Requirement -> All records below should be repeated exactly, with the pictures left out.

[Stored entries]
◇ ◇ ◇ ◇ ◇
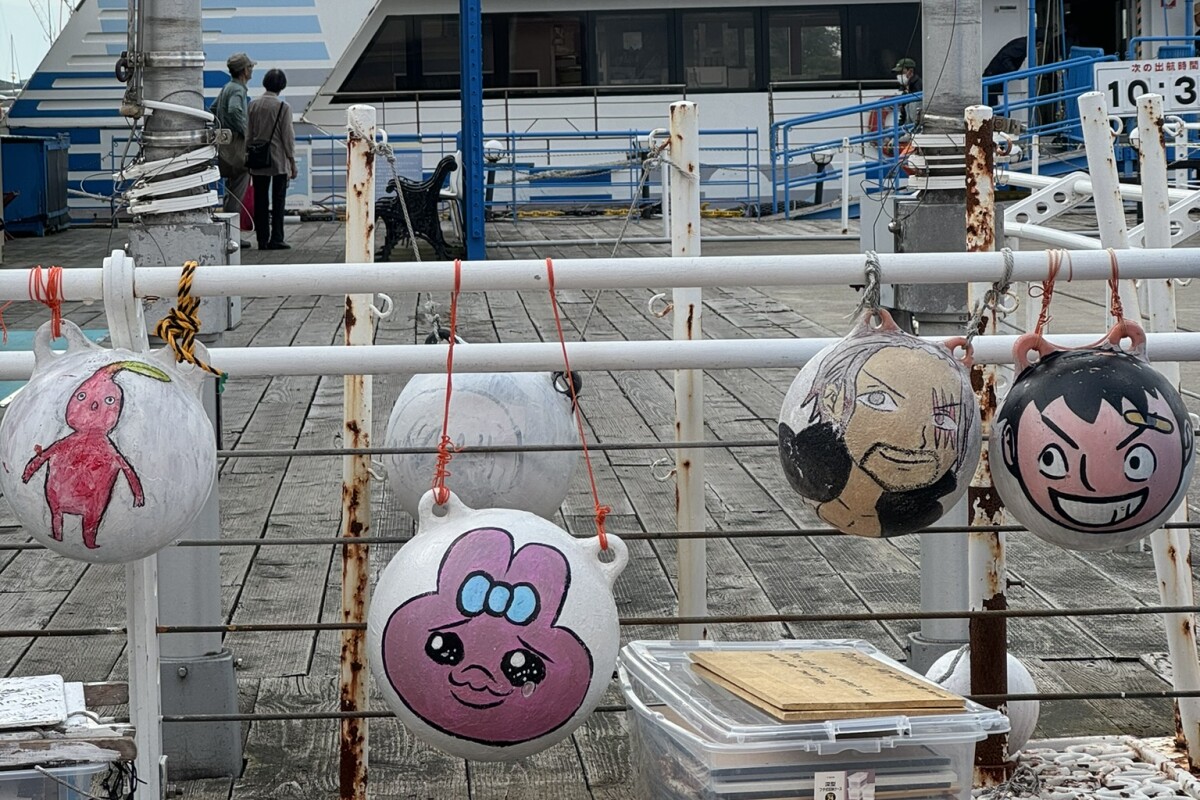 Painted buoys on railings Japan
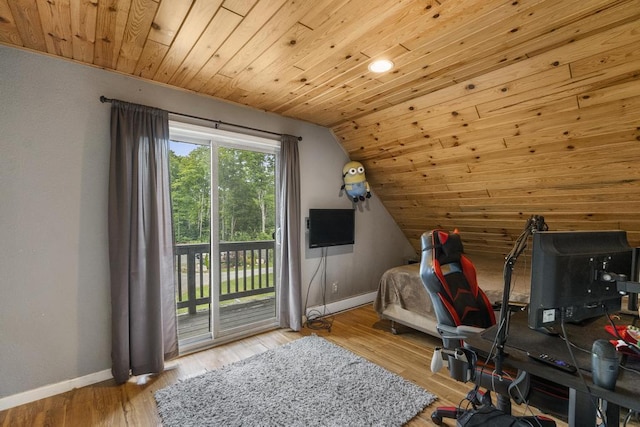 interior space with wood ceiling, baseboards, vaulted ceiling, and wood finished floors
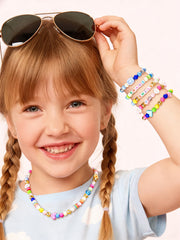 MINIMISSMIANYC shell, flower, evil eye charms add playful accessories.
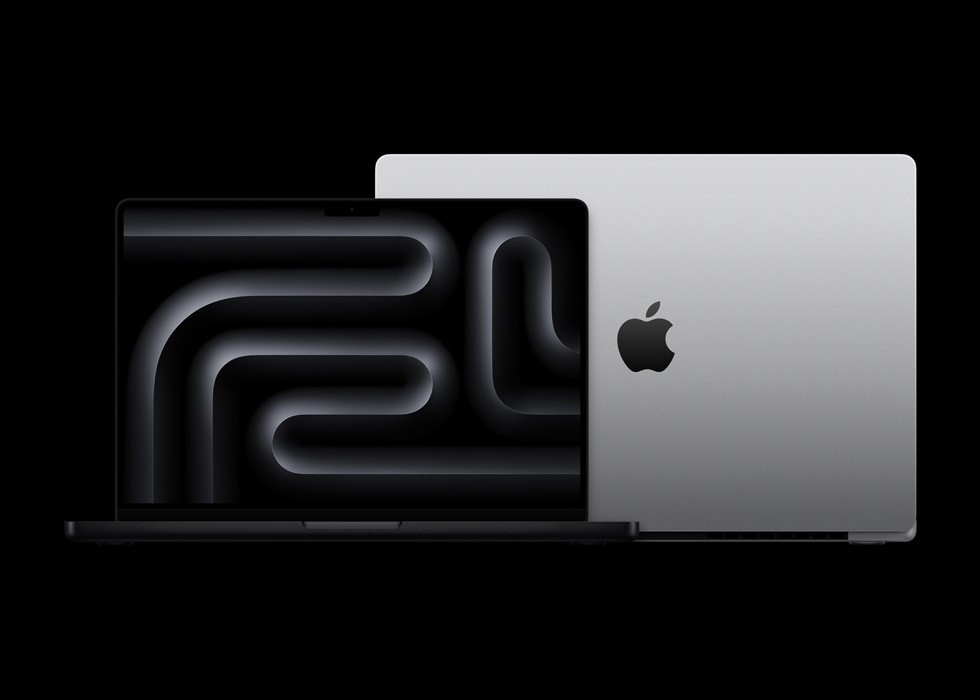 Promotional shot of the MacBook Pro M4 in Space Black, showing the Liquid Retina XDR display and lid.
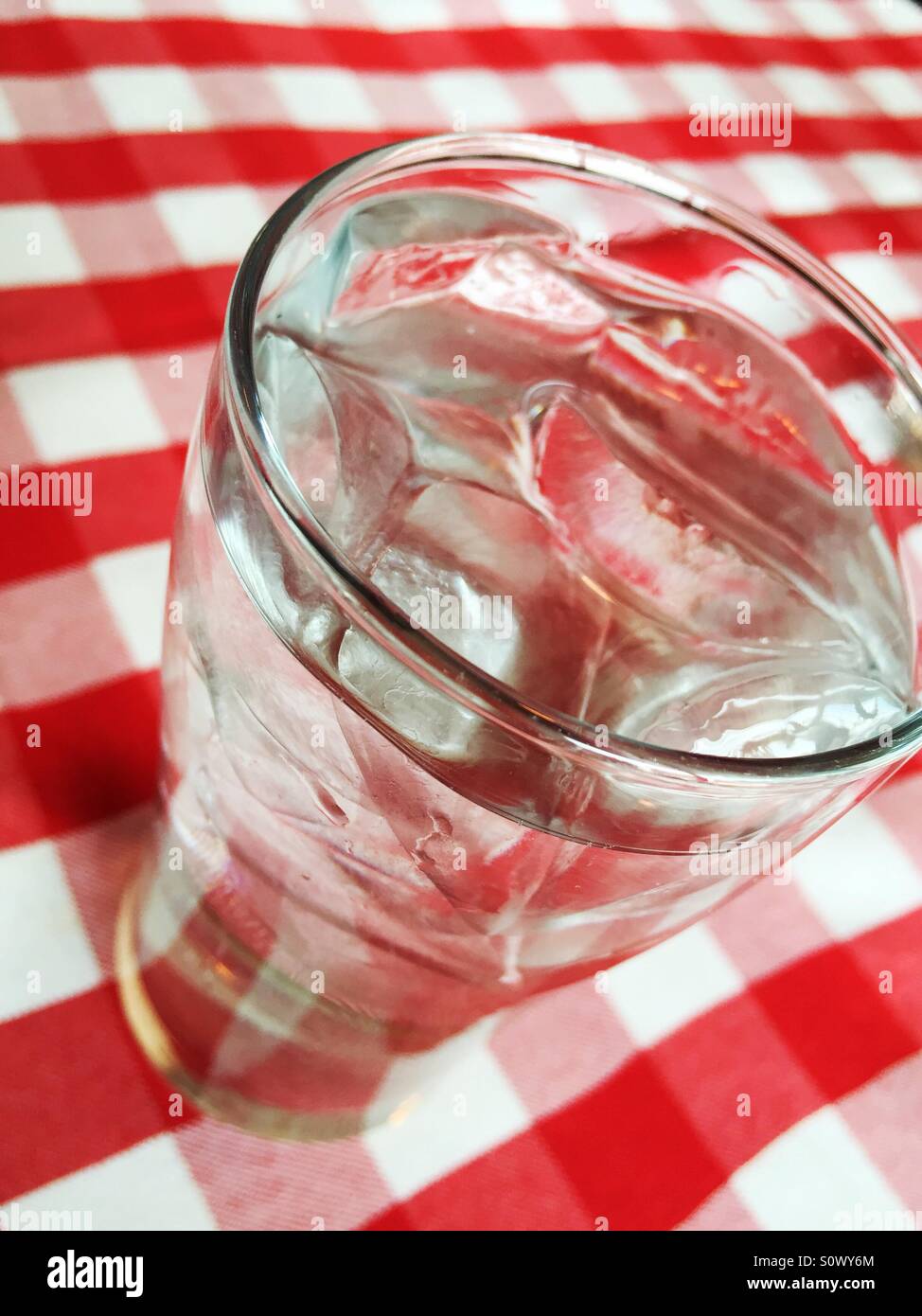 Verre à eau sur la glace sur une nappe à carreaux rouges et blancs. - Image de stock capturée avec un smartphone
◇ ◇ ◇ ◇ ◇
Solution to this task ->
 Painted buoys on railings Japan
 interior space with wood ceiling, baseboards, vaulted ceiling, and wood finished floors
 MINIMISSMIANYC shell, flower, evil eye charms add playful accessories.
 Promotional shot of the MacBook Pro M4 in Space Black, showing the Liquid Retina XDR display and lid.
 Verre à eau sur la glace sur une nappe à carreaux rouges et blancs. - Image de stock capturée avec un smartphone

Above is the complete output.